Amid this wave of subsidies, several brands have emerged as clear beneficiaries. Luckin Coffee capitalized on promotional momentum, selling more than 20 million cups in a single day during its “First Milk Tea of Autumn” campaign. In Q2 2025, the company reported net revenue of RMB 12.359 billion, up 47.1 percent, and GAAP operating profit of RMB 1.7 billion, a 61.8 percent increase, resulting in an operating margin of 13.8 percent. Gross merchandise value reached RMB 14.179 billion, supported by a 13.4 percent rise in same-store sales and the addition of 2,109 new outlets, bringing its global store count to 26,206. Internationally, Luckin expanded by 24 stores, reaching 89 locations across Singapore, the United States, and Malaysia. First-half revenue totaled RMB 21.224 billion, a 44.6 percent increase, with net profit rising 125.4 percent to RMB 1.776 billion—solidifying its reputation as a preferred delivery partner due to its dependable supply chain and service quality.
Other brands have also benefited. Kudi Coffee saw gains, and HeyTea recently integrated its network of over 4,000 stores with Taobao Flash Sale. Yum China leveraged its diverse brand portfolio—including KFC, Pizza Hut, Taco Bell, Little Sheep, and Huang Ji Huang—to achieve notable delivery growth. In the first half of 2025, Yum China reported USD 5.768 billion in revenue, with delivery sales up 17 percent. Second-quarter revenue rose 4 percent to USD 2.8 billion, and operating profit increased 14 percent to USD 304 million, both setting quarterly records.
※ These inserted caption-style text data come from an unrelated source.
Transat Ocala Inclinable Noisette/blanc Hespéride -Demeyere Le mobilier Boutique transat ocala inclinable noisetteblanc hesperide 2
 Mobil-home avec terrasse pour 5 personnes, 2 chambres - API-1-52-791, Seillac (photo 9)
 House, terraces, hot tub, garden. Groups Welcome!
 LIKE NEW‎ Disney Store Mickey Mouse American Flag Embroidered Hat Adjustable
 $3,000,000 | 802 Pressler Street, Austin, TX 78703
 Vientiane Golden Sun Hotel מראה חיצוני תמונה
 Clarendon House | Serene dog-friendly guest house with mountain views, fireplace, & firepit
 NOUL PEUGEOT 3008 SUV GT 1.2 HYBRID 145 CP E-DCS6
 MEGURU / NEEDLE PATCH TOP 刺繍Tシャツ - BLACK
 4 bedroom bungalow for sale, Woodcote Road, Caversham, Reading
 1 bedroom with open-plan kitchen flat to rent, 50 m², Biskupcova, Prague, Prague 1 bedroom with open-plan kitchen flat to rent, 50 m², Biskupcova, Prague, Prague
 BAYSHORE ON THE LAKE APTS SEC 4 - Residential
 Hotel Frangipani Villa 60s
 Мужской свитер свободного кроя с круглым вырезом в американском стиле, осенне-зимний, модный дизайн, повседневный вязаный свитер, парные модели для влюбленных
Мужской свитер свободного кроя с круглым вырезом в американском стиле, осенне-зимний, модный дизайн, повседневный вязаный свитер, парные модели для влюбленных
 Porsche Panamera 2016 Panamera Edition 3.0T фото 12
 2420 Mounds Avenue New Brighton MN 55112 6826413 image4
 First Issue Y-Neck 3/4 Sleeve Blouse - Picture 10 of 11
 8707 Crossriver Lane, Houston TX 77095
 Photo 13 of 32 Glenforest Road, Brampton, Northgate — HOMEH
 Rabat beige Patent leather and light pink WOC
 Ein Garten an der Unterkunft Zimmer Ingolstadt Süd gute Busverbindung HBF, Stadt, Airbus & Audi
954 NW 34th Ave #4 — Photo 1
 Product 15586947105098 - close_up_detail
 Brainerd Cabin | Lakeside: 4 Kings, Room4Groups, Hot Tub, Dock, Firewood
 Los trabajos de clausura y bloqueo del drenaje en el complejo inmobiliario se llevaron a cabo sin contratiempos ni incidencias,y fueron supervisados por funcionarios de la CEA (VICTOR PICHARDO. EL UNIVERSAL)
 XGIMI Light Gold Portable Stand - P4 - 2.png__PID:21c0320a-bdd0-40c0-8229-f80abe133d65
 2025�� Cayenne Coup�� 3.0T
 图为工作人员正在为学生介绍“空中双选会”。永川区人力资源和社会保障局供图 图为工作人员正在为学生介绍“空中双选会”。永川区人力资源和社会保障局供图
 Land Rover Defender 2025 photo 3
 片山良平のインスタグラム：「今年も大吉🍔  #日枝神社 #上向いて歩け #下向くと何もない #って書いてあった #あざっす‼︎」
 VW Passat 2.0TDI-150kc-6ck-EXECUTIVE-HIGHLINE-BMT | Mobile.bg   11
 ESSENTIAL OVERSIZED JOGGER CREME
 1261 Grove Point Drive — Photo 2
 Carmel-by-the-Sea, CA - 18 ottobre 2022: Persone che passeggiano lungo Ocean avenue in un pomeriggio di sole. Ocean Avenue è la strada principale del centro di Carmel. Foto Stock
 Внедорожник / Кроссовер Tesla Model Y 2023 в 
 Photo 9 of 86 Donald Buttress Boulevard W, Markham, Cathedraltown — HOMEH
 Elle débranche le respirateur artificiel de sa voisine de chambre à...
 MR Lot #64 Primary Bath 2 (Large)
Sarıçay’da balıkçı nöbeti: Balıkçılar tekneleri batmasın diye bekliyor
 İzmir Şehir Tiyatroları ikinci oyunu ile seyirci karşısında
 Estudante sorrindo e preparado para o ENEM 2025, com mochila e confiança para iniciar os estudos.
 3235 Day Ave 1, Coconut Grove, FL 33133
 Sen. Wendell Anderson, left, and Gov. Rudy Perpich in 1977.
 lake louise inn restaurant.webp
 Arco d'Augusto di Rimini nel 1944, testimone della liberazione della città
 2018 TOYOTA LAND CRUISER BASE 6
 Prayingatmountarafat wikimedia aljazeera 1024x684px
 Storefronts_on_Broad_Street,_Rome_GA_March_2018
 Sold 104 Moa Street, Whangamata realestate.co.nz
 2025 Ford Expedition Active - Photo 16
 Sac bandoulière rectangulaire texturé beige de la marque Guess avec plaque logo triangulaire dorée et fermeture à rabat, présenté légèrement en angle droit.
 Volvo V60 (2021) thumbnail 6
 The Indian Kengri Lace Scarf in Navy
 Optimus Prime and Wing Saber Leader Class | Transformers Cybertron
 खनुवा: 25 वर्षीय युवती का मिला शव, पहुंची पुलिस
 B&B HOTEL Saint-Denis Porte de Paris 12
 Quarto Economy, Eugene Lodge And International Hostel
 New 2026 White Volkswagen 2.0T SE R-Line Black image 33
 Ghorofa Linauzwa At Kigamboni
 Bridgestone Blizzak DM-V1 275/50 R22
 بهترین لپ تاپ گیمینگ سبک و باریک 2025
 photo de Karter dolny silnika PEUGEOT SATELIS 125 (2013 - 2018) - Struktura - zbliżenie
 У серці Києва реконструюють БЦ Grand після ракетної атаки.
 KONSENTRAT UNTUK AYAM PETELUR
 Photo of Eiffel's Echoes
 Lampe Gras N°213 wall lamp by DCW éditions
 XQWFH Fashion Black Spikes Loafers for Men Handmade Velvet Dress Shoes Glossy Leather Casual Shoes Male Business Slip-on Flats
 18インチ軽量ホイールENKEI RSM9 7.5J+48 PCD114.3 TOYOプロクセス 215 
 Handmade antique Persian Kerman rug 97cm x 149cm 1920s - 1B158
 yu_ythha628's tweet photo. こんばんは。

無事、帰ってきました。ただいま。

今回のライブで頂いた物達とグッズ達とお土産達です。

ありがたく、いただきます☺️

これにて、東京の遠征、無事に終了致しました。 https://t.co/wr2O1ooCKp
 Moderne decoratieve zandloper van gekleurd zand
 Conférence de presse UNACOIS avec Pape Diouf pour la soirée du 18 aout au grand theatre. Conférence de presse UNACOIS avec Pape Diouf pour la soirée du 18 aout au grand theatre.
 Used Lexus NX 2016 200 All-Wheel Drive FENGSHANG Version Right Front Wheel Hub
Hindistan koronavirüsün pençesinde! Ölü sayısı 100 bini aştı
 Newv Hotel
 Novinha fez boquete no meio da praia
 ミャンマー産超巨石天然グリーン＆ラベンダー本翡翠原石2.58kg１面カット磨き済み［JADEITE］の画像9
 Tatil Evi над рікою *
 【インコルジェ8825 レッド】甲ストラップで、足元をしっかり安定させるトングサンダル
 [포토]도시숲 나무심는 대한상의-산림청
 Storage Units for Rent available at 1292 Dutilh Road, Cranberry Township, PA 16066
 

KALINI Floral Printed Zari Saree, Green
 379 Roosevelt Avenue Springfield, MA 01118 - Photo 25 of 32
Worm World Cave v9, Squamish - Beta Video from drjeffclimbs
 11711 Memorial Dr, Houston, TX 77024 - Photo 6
Delivery now accounts for approximately 45 percent of restaurant revenue at both KFC and Pizza Hut, supporting a 5 percent systemwide sales increase for KFC and a 17 percent rise in same-store transactions for Pizza Hut. Yum China added 336 net new outlets in Q2, bringing its total to 16,978, with digital orders now representing over 90 percent of total sales, supported by a loyalty base of 90 million users across its platforms.
Subway has also seen growth, surpassing 1,000 stores in China, benefiting from the delivery surge. These success stories contrast sharply with the challenges faced by the instant-meal segment. As Mixue Ice Cream & Tea offers RMB 2 beverages and PinHaoFan bundles full meals under RMB 10, younger consumers are increasingly turning away from traditional convenience foods.
Legacy brands have struggled to keep pace. Xiangpiaopiao’s brewed milk-tea segment saw a 15.4 percent revenue decline in 2024, falling to RMB 2.271 billion, with sales volume down by 162 million cups. In Q1 2025, revenue dropped 19.98 percent to RMB 580 million, and net loss widened to RMB 18.775 million, despite modest gains in ready-to-drink offerings. The World Instant Noodles Association reported a decline of 4 billion packs in consumption from 2020 to 2023, with total volume falling to 43.8 billion in 2024 and Q2 2025 sales down 8.9 percent. Master Kong’s first-half revenue contracted by RMB 11 billion, with instant-noodle sales decreasing 2.53 percent to RMB 13.465 billion and beverage revenue falling 2.6 percent to RMB 26.359 billion. Its distributor network shrank by 3,409 outlets. In contrast, Uni-President, Baixiang, and South Korea’s Samyang Group managed to achieve growth during the same period. As delivery platforms, ready-made meals, and self-heating options gain popularity, the appeal of traditional instant noodles continues to wane.